The sed General Syntax

Following is the general syntax for sed −

/pattern/action

Here, pattern is a regular expression, and action is one of the commands given in the following table. If pattern is omitted, action is performed for every line as we have seen above.

The slash character (/) that surrounds the pattern are required because they are used as delimiters.

S.No. Range & Description
1

p

Prints the line

2

d

Deletes the line

3

s/pattern1/pattern2/

Substitutes the first occurrence of pattern1 with pattern2

Deleting All Lines with sed

We will now understand how to delete all lines with sed. Invoke sed again; but the sed is now supposed to use the editing command delete line, denoted by the single letter d

$ cat /etc/passwd | sed 'd'
$

Instead of invoking sed by sending a file to it through a pipe, the sed can be instructed to read the data from a file, as in the following example.

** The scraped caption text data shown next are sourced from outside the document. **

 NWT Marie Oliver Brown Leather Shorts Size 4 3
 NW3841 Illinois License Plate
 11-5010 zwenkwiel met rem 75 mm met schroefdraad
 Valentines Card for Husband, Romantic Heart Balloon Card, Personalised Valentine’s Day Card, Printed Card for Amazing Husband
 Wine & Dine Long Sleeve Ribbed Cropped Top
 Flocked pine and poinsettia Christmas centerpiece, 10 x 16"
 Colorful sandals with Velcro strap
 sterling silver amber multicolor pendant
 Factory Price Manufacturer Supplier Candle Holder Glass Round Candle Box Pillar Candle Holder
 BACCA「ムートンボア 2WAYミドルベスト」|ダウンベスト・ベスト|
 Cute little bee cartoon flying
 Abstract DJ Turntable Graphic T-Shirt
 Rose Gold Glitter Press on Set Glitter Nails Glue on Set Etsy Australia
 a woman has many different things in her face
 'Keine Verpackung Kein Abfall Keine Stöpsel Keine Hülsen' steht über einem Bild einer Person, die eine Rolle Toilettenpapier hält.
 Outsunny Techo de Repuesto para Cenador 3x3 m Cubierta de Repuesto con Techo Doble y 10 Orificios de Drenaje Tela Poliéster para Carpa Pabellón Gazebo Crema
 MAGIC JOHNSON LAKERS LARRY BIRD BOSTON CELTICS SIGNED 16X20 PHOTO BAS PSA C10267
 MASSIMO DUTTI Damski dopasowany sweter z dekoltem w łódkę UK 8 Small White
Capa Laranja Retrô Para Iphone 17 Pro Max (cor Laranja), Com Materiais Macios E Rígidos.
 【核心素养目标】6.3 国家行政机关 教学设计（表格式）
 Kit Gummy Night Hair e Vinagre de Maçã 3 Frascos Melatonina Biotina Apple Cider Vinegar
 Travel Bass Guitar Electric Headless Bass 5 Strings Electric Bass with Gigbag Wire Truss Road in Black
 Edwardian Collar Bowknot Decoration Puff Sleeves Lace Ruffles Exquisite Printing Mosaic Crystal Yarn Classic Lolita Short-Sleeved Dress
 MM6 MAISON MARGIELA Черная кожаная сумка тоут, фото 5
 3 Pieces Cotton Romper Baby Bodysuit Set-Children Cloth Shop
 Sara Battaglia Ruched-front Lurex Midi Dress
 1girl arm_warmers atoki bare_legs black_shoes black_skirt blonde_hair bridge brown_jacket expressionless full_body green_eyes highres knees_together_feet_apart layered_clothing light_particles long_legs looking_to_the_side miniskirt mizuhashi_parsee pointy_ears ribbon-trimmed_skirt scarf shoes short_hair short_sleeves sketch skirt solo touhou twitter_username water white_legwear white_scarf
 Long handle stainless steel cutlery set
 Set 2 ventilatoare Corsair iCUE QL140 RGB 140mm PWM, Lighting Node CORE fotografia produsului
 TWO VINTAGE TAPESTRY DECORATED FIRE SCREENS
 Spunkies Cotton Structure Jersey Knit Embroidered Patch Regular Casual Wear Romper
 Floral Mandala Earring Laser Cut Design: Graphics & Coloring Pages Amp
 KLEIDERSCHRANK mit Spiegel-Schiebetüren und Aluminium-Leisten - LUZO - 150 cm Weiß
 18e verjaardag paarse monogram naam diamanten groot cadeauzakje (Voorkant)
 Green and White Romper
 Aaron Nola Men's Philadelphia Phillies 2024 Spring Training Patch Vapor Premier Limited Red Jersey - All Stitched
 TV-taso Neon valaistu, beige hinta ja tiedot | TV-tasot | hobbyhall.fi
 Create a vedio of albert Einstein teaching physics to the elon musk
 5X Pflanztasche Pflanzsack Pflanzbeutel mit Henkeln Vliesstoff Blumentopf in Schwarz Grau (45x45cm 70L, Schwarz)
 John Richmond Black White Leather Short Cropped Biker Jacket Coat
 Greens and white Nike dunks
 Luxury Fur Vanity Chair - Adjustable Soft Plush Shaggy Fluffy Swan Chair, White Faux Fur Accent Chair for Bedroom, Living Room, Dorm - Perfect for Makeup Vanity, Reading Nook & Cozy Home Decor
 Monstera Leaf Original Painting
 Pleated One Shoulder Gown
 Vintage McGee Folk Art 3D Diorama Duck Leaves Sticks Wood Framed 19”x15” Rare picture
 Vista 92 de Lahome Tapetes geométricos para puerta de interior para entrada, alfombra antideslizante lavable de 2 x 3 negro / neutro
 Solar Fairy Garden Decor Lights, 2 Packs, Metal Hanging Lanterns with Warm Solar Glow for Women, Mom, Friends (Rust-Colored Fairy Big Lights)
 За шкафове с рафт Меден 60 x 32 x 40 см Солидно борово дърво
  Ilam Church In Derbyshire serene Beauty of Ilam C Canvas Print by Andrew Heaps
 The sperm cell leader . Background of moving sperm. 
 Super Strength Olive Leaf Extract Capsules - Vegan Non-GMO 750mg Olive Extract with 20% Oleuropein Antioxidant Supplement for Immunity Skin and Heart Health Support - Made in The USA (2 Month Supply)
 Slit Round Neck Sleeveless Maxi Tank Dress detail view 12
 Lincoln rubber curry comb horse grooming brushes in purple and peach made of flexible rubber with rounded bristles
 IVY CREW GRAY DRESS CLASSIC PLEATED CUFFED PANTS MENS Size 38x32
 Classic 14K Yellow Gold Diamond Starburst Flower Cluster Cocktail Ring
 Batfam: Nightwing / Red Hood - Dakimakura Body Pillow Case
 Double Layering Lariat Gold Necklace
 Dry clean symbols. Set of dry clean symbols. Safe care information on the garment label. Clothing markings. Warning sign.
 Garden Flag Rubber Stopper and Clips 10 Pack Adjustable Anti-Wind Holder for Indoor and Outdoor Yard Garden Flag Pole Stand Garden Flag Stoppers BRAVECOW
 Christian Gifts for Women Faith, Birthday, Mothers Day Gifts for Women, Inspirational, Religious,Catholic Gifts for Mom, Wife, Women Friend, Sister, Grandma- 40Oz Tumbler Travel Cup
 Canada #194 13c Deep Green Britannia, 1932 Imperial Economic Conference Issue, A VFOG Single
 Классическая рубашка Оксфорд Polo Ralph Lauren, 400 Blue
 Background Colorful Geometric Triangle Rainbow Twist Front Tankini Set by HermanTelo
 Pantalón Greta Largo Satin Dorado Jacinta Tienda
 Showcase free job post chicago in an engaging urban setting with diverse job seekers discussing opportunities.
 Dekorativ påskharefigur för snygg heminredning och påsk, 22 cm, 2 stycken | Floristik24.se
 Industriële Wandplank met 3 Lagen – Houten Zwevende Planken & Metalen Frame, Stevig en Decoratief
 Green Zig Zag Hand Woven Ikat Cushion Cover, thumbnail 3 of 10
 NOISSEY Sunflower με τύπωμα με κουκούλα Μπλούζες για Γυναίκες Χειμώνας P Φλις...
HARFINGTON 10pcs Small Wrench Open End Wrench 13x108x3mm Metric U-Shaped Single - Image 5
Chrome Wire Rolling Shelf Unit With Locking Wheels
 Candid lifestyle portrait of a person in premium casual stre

The following command does exactly the same as in the previous example, without the cat command −

$ sed -e 'd' /etc/passwd
$

The sed Addresses

The sed also supports addresses. Addresses are either particular locations in a file or a range where a particular editing command should be applied. When the sed encounters no addresses, it performs its operations on every line in the file.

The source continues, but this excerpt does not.